These are not reasons to deny a tribe jurisdiction over a child welfare case:

The State argued that transfer should be denied because of the lack of
responsibility by Mother and Father, the efforts of the foster parents to promote
the children’s Native American heritage, and the good relationship between the
current professionals and the children. The guardian ad litem for the children
joined the State in resisting the transfer of the case to tribal court.

Oh, and would you look at that, a CASA:

The juvenile court noted that the court appointed special
advocate (CASA) for the children recommended that the parental rights of the
parents be terminated and the children continue living with the foster parents.

But don’t worry–the Iowa Supreme Court clearly channeled the Washington Supreme Court in its thoughtful discussion of ICWA and its purpose, summarizing that

The federal ICWA and accompanying regulations and guidelines establish a framework for consideration of motions to transfer juvenile matters from state court to tribal court. Although good cause is not elaborated at length, both the statute and regulations state in some detail what is not good cause. Absent an objection to transfer or a showing of unavailability or
substantial hardship with a tribal forum, transfer is to occur. Clearly, Congress
has an overall objective in enacting ICWA to establish a framework for the preservation of Native American families wherever possible.

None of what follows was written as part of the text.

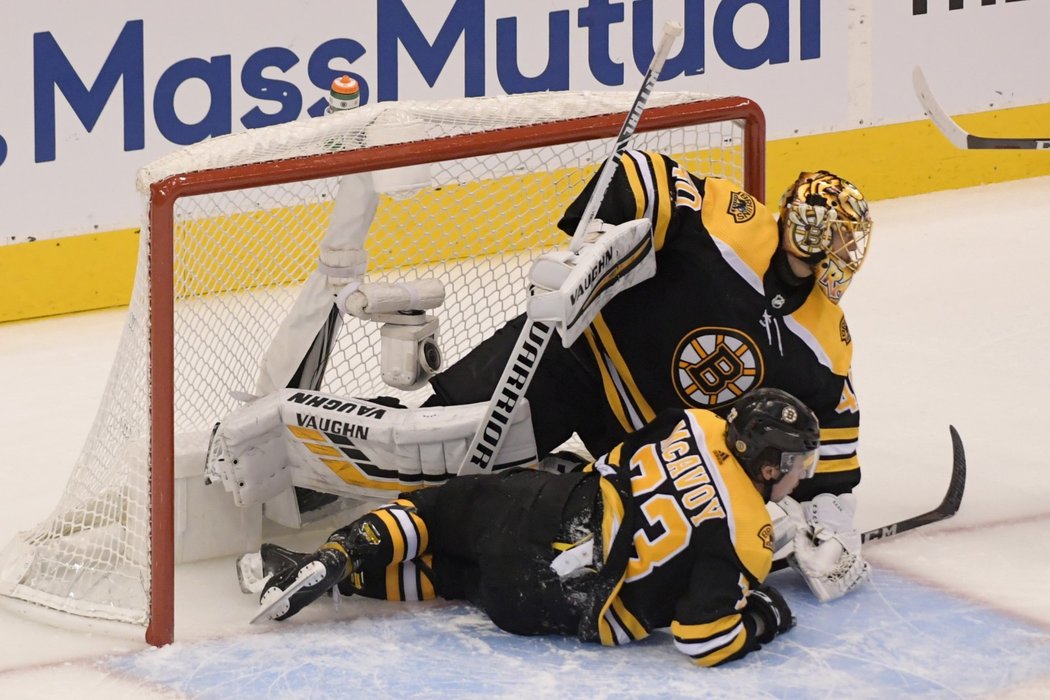 Brankář Bostonu Tuukka Rask se před třetím zápasem úvodního kola play off NHL s hokejisty Caroliny rozhodl opustit tým a ukončit sezonu.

The Court goes on to discuss the Iowa ICWA at length, along with some bad caselaw in Iowa, specifically the In re J.L. case, which is a really awful decision and has been a pain to deal with for years.

This Court states,

State courts have struggled with the statutory question of whether federal
or state ICWA statutes permit a child to raise a best interests challenge to
transfer to tribal courts. In In re N.V., 744 N.W.2d 634, we answered the
question. After surveying the terms of the federal and state ICWA statutes, we
concluded that the statutes did not permit a child to challenge transfer on best
interests grounds. Id. at 638–39.

***

In short, there can be no substantive due process violation arising from a
statute that refuses to allow a party to present on an issue irrelevant to the
proceeding. To that extent, we overrule the holding ofIn re J.L. (emphasis ADDED)

***

In conclusion, if there is no objecting child above the age of twelve, we hold
that the transfer provisions of ICWA which do not permit a child from raising the
best interests of the child to oppose transfer does not violate substantive due
process.

Therefore,

In an ICWA proceeding, the United States Supreme Court observed that
“we must defer to the experience, wisdom, and compassion of the . . . tribal
courts to fashion an appropriate remedy” in Indian child welfare cases. Holyfield,
490 U.S. at 54 (quoting In re Adoption of Halloway, 732 P.2d at 972). These
observations apply in this case

There is a small dissent on whether the Father could appeal this case, but no issues with the Tribe’s appeal. Also, a reminder that the issue of jurisdiction was never a question Brackeen and decisions like this one are tremendously helpful for tribes seeking to transfer cases.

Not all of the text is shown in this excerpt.